Gradient Descent(0/299): loss=0.5, w0=-0.0471996, w1=0.03405015486157466
Gradient Descent(10/299): loss=0.3649841296757523, w0=-0.2620071055676516, w1=0.0812202751318934
Gradient Descent(20/299): loss=0.3550763049590692, w0=-0.30429720527420195, w1=0.06898193617063272
Gradient Descent(30/299): loss=0.35048628668581794, w0=-0.3126230434634405, w1=0.058971823442580486
Gradient Descent(40/299): loss=0.3474756325054262, w0=-0.3142621878975853, w1=0.05202445848547232
Gradient Descent(50/299): loss=0.34539464652489404, w0=-0.3145848934816871, w1=0.047082545929858804
Gradient Descent(60/299): loss=0.34392784649434605, w0=-0.3146484259513354, w1=0.04342652316324255
Gradient Descent(70/299): loss=0.3428808998038696, w0=-0.31466093386845445, w1=0.04063318268296978
Gradient Descent(80/299): loss=0.3421265445364248, w0=-0.31466339635718743, w1=0.03844935235840481
Gradient Descent(90/299): loss=0.3415788792923234, w0=-0.31466388115819044, w1=0.036715290258110135
Gradient Descent(100/299): loss=0.34

In [None]:
# Predict
# No need to generate predict file
# GD is strictly worse than LS if no data filtering or feature weights are implemented

### Ridge regression

In [72]:
# Training
rr_lambdas = np.array([8e-15])
degree = 2

rr_phi = build_poly(x, degree)

for lamb in rr_lambdas:
    rr_loss, rr_w = ridge_regression(y, rr_phi, lamb)
    rr_w0 = rr_w[0]
    rr_w1 = rr_w[1]
    print("Ridge Regression: lambda={lam:3f}, loss*={l}, w0*={w0}, w1*={w1}".format(
        lam=lamb, l=rr_loss, w0=rr_w0, w1=rr_w1))

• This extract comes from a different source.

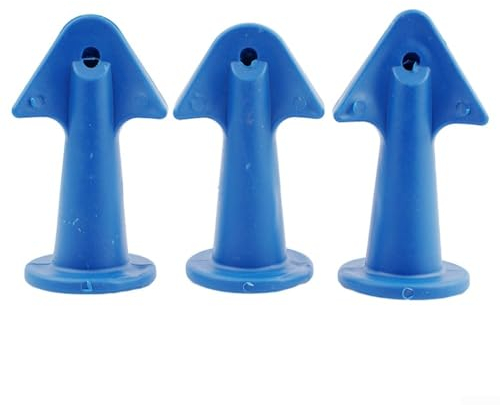 3 in 1 Abdichtungs-Finisher Werkzeug-Set, einfach zu bedienen und zu reinigen, für Küche und Bad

Ridge Regression: lambda=0.000000, loss*=0.31786522157389413, w0*=-59626.77200386367, w1*=0.00012348494288154849


In [149]:
# Self check
rr_x_check = build_poly(x, degree)
rr_y_check = predict_labels(rr_w, rr_x_check)
sum(rr_y_check == y)

192591

In [73]:
# Predict 0.76996
rr_test_phi = build_poly(x_test, degree)
rr_y_pred = predict_labels(rr_w, rr_test_phi)
RR_OUTPUT_PATH = 'data/rr_submission.csv'
create_csv_submission(id_test, rr_y_pred, RR_OUTPUT_PATH)

### Ridge with cross validation

In [143]:
# Training
seed = 1
k_fold = 10
lamb = 8e-15
degree = 2


# split data in k fold
k_indices = build_k_indices(y, k_fold, seed)

# define lists to store the loss of training data and test data
loss_tr = []
loss_te = []
weight_tr = 0

for k in range(k_fold):
    l_tr, l_te, w_tr = cross_validation(y, x, k_indices, k, lamb, degree)
    loss_tr.append(l_tr)
    loss_te.append(l_te)
    weight_tr += w_tr
    
rcv_w = weight_tr / k_fold

In [148]:
# Self check
rcv_x_check = build_poly(x, degree)
rcv_y_check = predict_labels(rcv_w, rcv_x_check)
sum(rcv_y_check == y)

192651

In [78]:
# Predict 0.77010
rcv_test_phi = build_poly(x_test, degree)
rcv_y_pred = predict_labels(rcv_w, rcv_test_phi)
RCV_OUTPUT_PATH = 'data/rcv_submission.csv'
create_csv_submission(id_test, rcv_y_pred, RCV_OUTPUT_PATH)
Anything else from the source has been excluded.